Data Science: Data (Just the Quotes)

"Before anything can be reasoned upon to a conclusion, certain facts, principles, or data, to reason from, must be established, admitted, or denied." (Thomas Paine, "Rights of Man", 1791) 

"The errors which arise from the absence of facts are far more numerous and more durable than those which result from unsound reasoning respecting true data." (Charles Babbage, "On the Economy of Machinery and Manufactures", 1832)

"In every branch of knowledge the progress is proportional to the amount of facts on which to build, and therefore to the facility of obtaining data." (James C Maxwell, [letter to Lewis Campbell] 1851)

"It is a capital mistake to theorise before one has data." (Arthur C Doyle, "The Adventures of Sherlock Holmes", 1892)

"The man of science, by virtue of his training, is alone capable of realising the difficulties - often enormous - of obtaining accurate data upon which just judgment may be based." (Sir Richard Gregory, "Discovery; or, The Spirit and Service of Science", 1918)

"Not even the most subtle and skilled analysis can overcome completely the unreliability of basic data." (Roy D G Allen, "Statistics for Economists", 1951)

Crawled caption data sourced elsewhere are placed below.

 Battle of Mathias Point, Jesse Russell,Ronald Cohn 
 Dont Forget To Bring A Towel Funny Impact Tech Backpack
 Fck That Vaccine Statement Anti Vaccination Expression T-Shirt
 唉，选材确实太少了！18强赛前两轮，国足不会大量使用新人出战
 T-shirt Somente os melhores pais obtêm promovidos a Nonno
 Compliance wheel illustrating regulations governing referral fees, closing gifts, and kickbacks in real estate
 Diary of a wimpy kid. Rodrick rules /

"When evaluating the reliability and generality of data, it is often important to know the aims of the experimenter. When evaluating the importance of experimental results, however, science has a trick of disregarding the experimenter's rationale and finding a more appropriate context for the data than the one he proposed." (Murray Sidman, "Tactics of Scientific Research", 1960)

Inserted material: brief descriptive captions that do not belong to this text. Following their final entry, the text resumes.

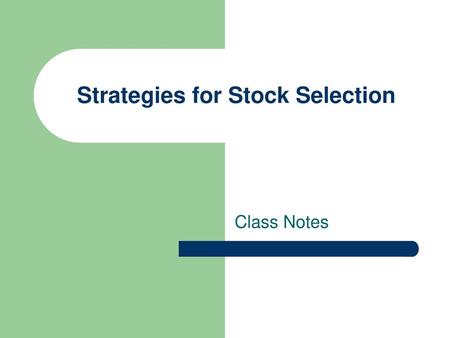Strategies for Stock Selection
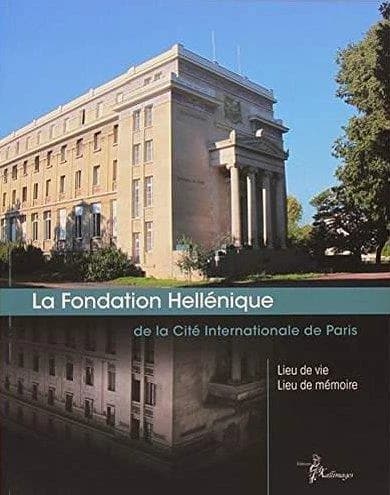 La Fondation hellénique de la Cité internationale de Paris : lieu de vie, lieu de mémoire
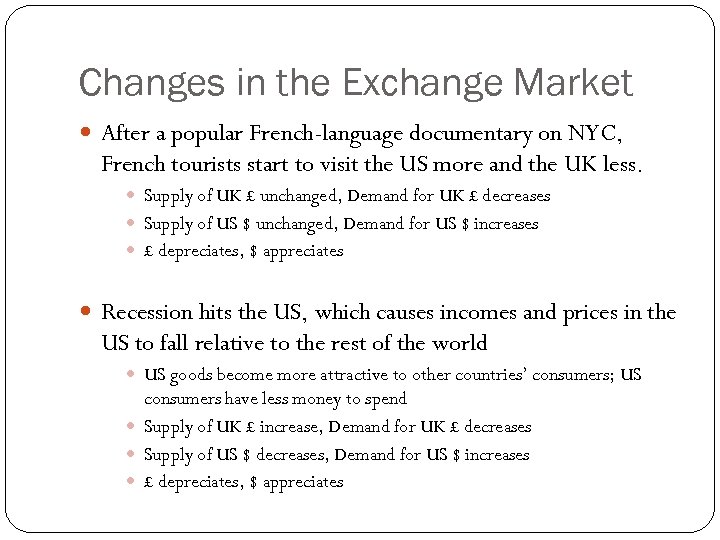 Changes in the Exchange Market After a popular French-language documentary on NYC, French tourists
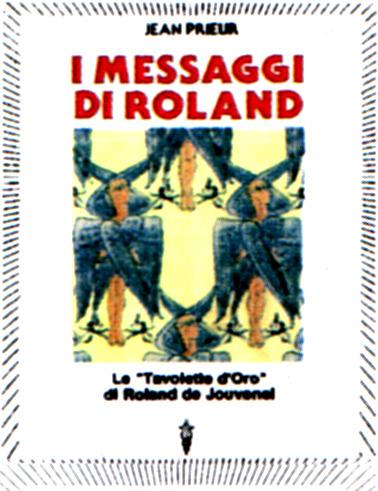 I messaggi di Roland. Le «Tavolette d'oro» di Roland de Jouvenel - Jean Prieur - copertina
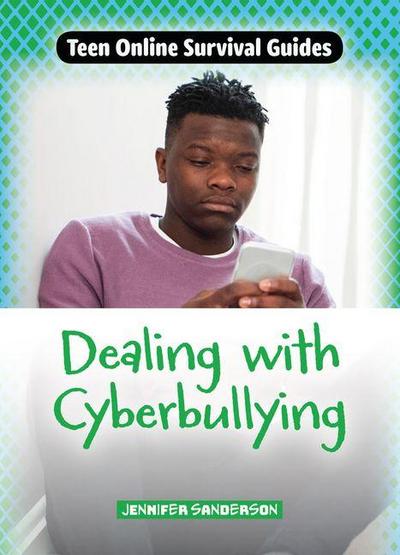 Dealing with Cyberbullying
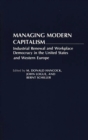 Image for Managing Modern Capitalism : Industrial Renewal and Workplace Democracy in the United States and Western Europe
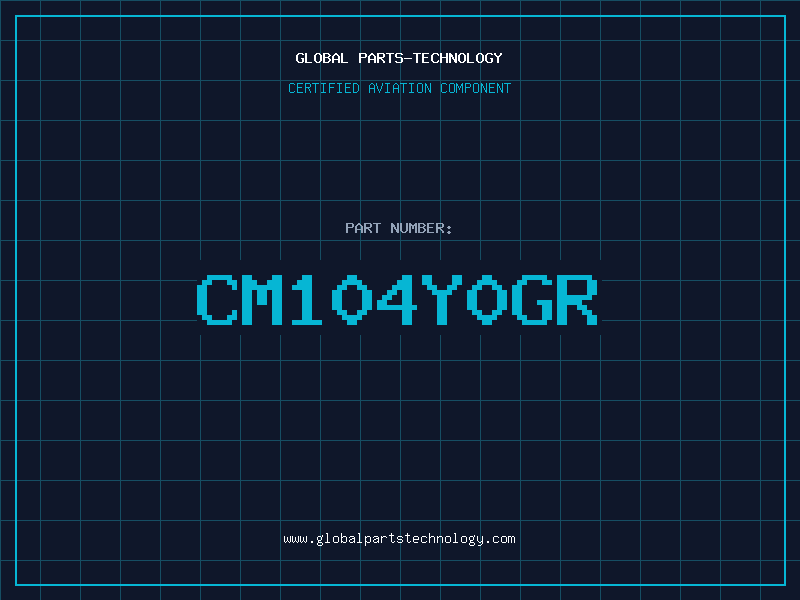Aviation Part CM104Y0GR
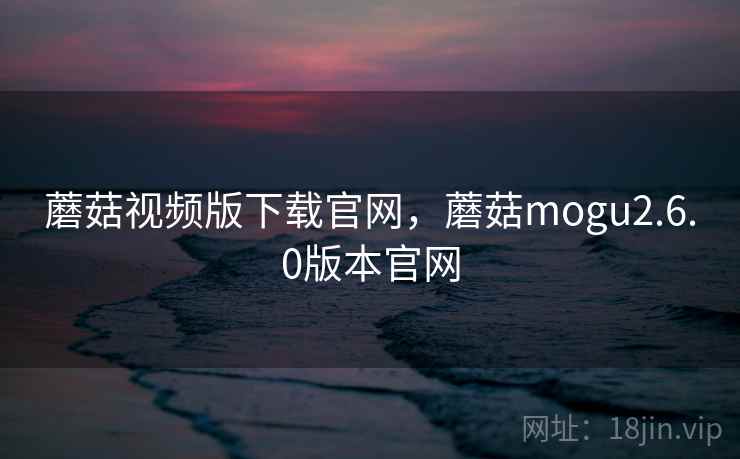 蘑菇视频版下载官网，蘑菇mogu2.6.0版本官网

"Philosophers of science have repeatedly demonstrated that more than one theoretical construction can always be placed upon a given collection of data." (Thomas Kuhn, "The Structure of Scientific Revolutions", 1962) 

"Modern science is characterized by its ever-increasing specialization, necessitated by the enormous amount of data, the complexity of techniques and of theoretical structures within every field. Thus science is split into innumerable disciplines continually generating new subdisciplines. In consequence, the physicist, the biologist, the psychologist and the social scientist are, so to speak, encapusulated in their private universes, and it is difficult to get word from one cocoon to the other." (Ludwig von Bertalanffy, "General System Theory", 1968)

"At root what is needed for scientific inquiry is just receptivity to data, skill in reasoning, and yearning for truth. Admittedly, ingenuity can help too." (Willard v O Quine, "The Web of Belief", 1970)

"Statistical methods of analysis are intended to aid the interpretation of data that are subject to appreciable haphazard variability." (David V. Hinkley & David Cox, "Theoretical Statistics", 1974)

"In a way, science might be described as paranoid thinking applied to Nature: we are looking for natural conspiracies, for connections among apparently disparate data." (Carl Sagan, "The Dragons of Eden", 1977)

"If we gather more and more data and establish more and more associations, however, we will not finally find that we know something. We will simply end up having more and more data and larger sets of correlations." (Kenneth N Waltz, "Theory of International Politics Source: Theory of International Politics", 1979)

"There is a tendency to mistake data for wisdom, just as there has always been a tendency to confuse logic with values, intelligence with insight. Unobstructed access to facts can produce unlimited good only if it is matched by the desire and ability to find out what they mean and where they lead." (Norman Cousins, "Human Options : An Autobiographical Notebook", 1981) 

"Data in isolation are meaningless, a collection of numbers. Only in context of a theory do they assume significance […]" (George Greenstein, "Frozen Star", 1983)

"Data is raw. It simply exists and has no significance beyond its existence (in and of itself). It can exist in any form, usable or not. It does not have meaning of itself. In computer parlance, a spreadsheet generally starts out by holding data." (Russell L Ackoff, "Towards a Systems Theory of Organization, 1985)

"Information is data that has been given meaning by way of relational connection. This "meaning" can be useful, but does not have to be. In computer parlance, a relational database makes information from the data stored within it." (Russell L Ackoff, "Towards a Systems Theory of Organization", 1985)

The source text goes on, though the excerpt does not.